Excerpts from a dataset:
════

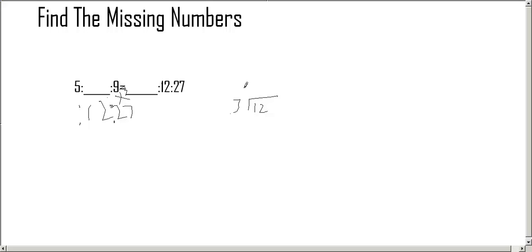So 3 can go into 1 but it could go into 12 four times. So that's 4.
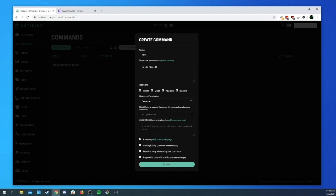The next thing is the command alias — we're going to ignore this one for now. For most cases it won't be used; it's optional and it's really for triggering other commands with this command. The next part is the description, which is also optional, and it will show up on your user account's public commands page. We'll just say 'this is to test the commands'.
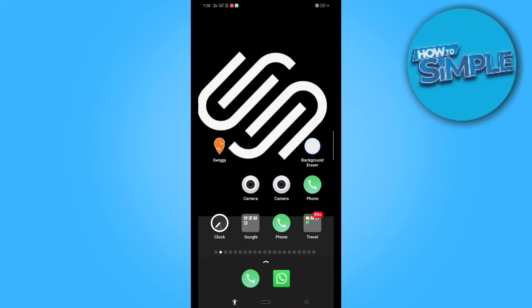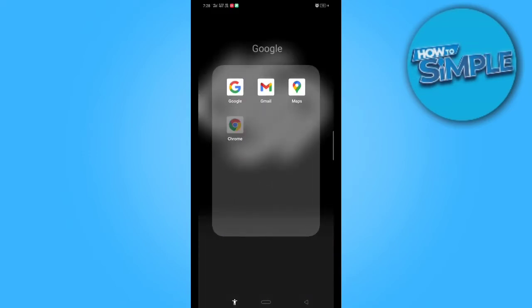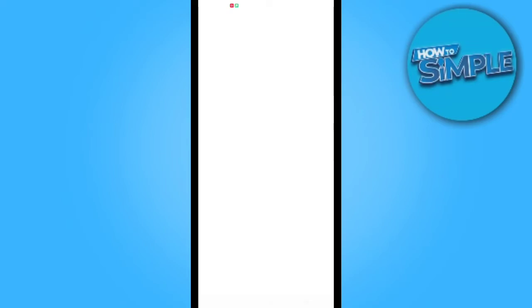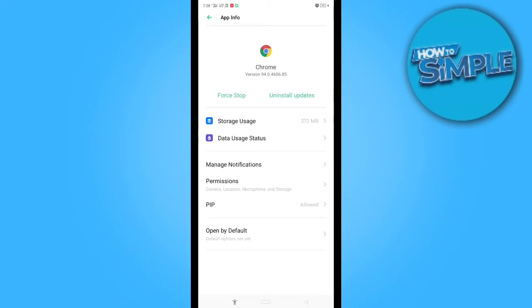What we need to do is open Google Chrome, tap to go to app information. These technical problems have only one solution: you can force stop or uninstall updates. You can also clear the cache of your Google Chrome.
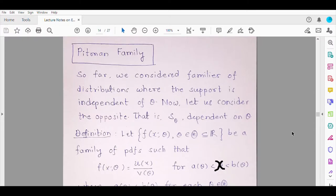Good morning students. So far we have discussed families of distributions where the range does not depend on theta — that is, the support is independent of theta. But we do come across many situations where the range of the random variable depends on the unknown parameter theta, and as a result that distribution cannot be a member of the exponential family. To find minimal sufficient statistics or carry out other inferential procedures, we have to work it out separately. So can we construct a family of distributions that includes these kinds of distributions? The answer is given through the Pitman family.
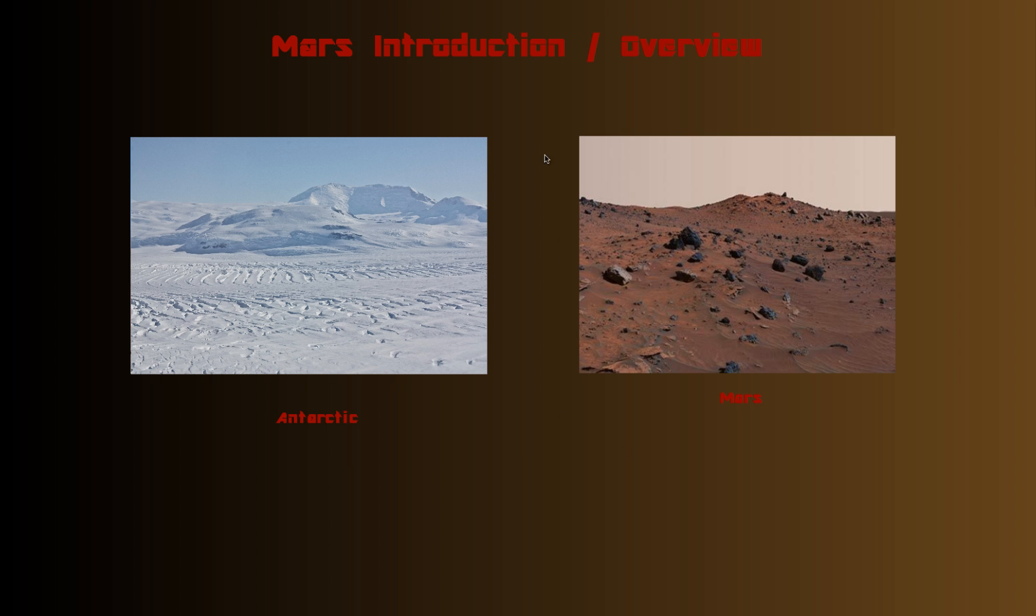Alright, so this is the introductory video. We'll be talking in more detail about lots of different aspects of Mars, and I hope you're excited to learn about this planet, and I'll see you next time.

════

§ Problem: From the line with "Good morning students." to the final line of the records, inclusive, set down the lines exactly and add nothing; leave every picture out.

§ Solution to this exercise:
Good morning students. So far we have discussed families of distributions where the range does not depend on theta — that is, the support is independent of theta. But we do come across many situations where the range of the random variable depends on the unknown parameter theta, and as a result that distribution cannot be a member of the exponential family. To find minimal sufficient statistics or carry out other inferential procedures, we have to work it out separately. So can we construct a family of distributions that includes these kinds of distributions? The answer is given through the Pitman family.
Alright, so this is the introductory video. We'll be talking in more detail about lots of different aspects of Mars, and I hope you're excited to learn about this planet, and I'll see you next time.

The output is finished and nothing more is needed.